• WORK REQUIRED: The listing that follows must be retyped exactly, without its pictures.

• RECORDS FOR THE EXERCISE:
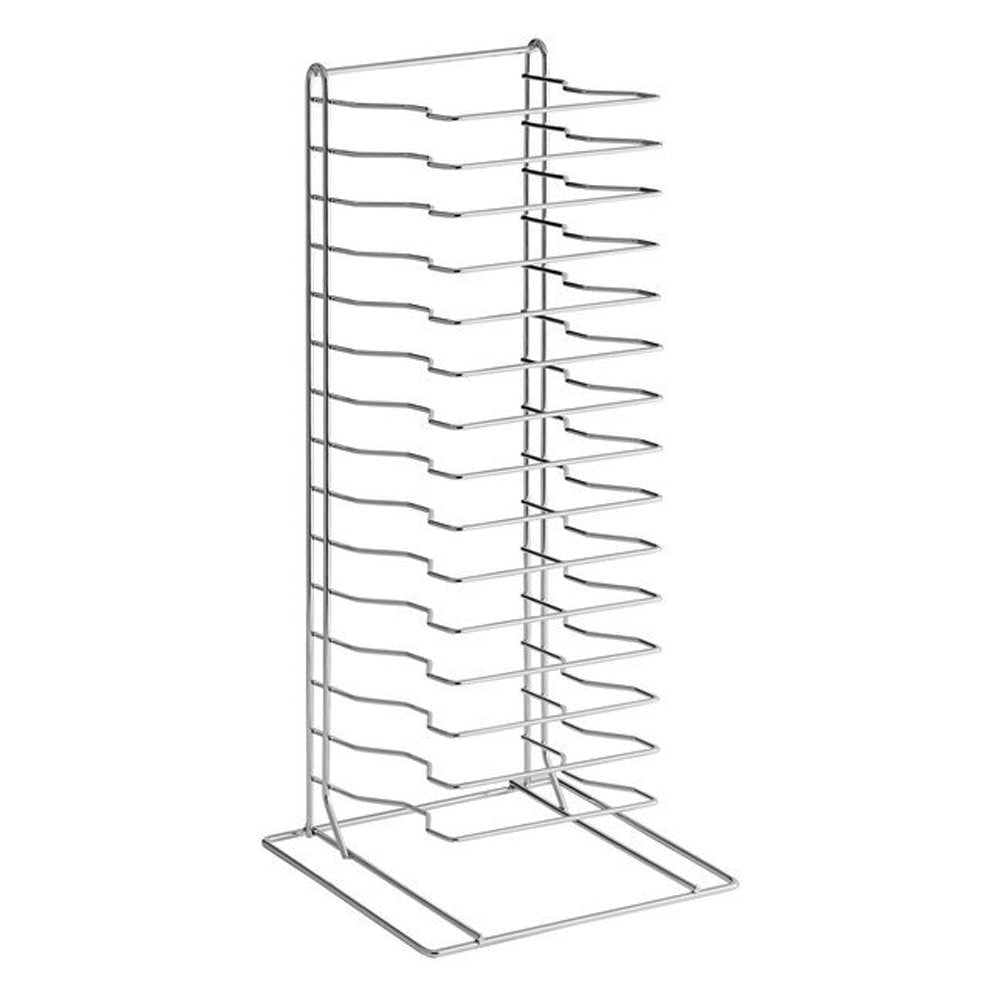 KH Heavy Duty Pizza Rack - 15 Slot - TEM IMPORTS™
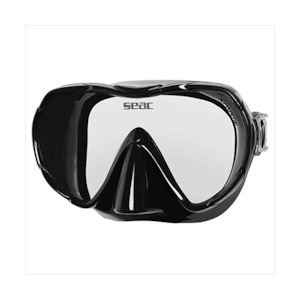 Seac: Seac X Frame Mask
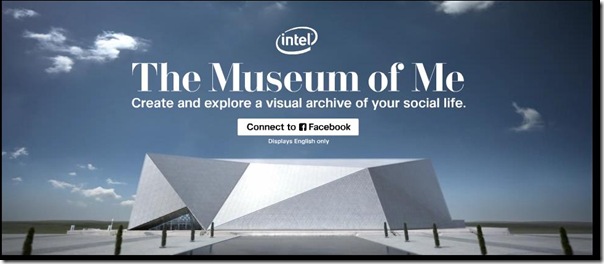 Museum of Me 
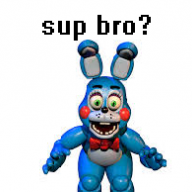 FNAF 2 Teaser in MS Paint : r/fivenightsatfreddys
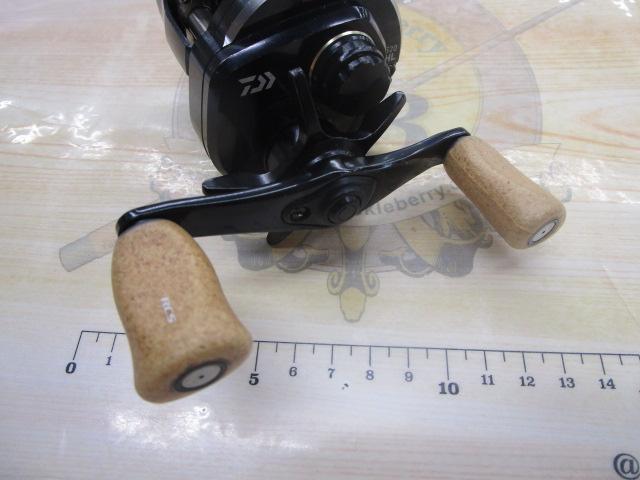 18リョウガ 1520HL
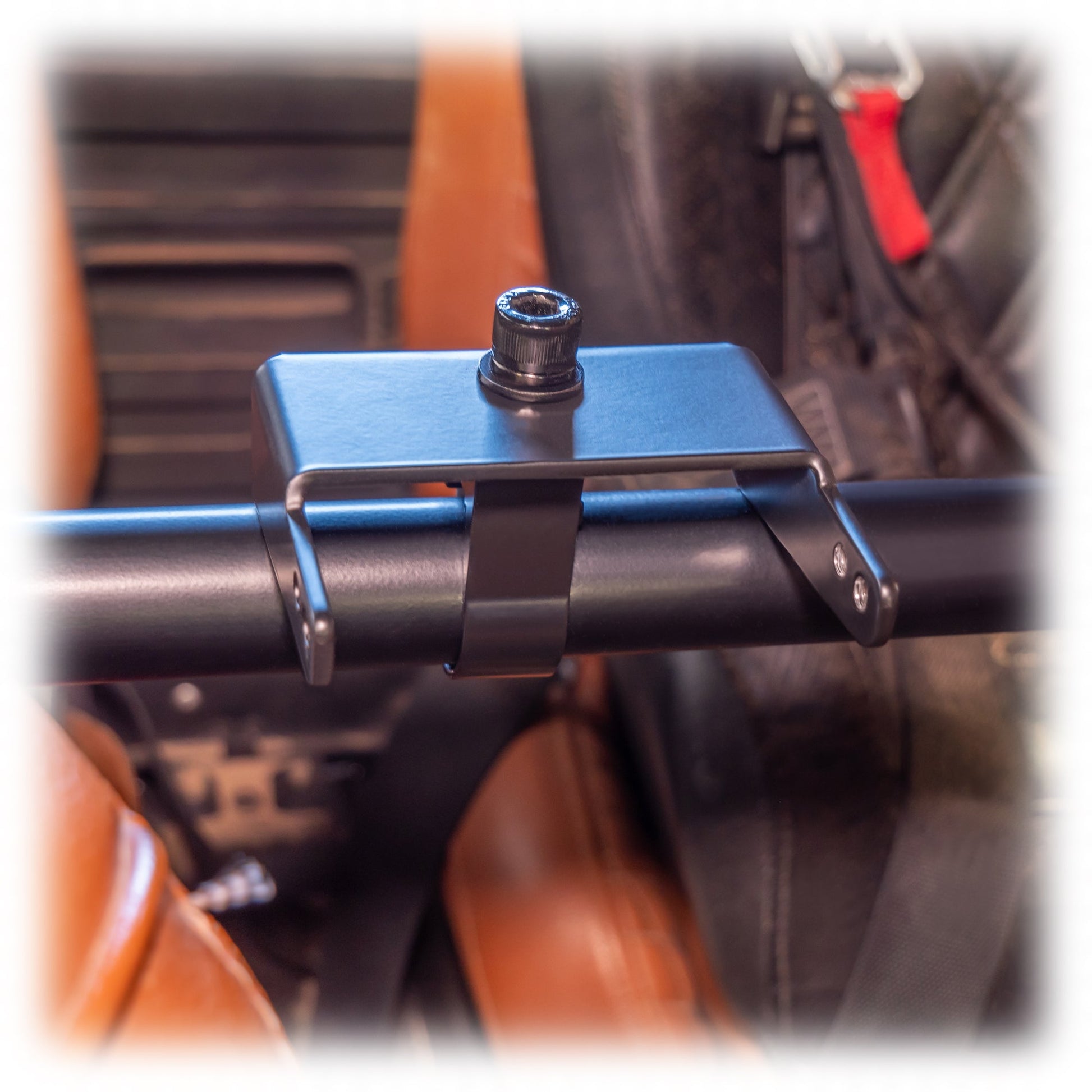 DRT Motorsports Universal Air Pumper Bracket Dunes 2 Dezert SXS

• EXERCISE RESULT:
 KH Heavy Duty Pizza Rack - 15 Slot - TEM IMPORTS™
 Seac: Seac X Frame Mask
 Museum of Me 
 FNAF 2 Teaser in MS Paint : r/fivenightsatfreddys
 18リョウガ 1520HL
 DRT Motorsports Universal Air Pumper Bracket Dunes 2 Dezert SXS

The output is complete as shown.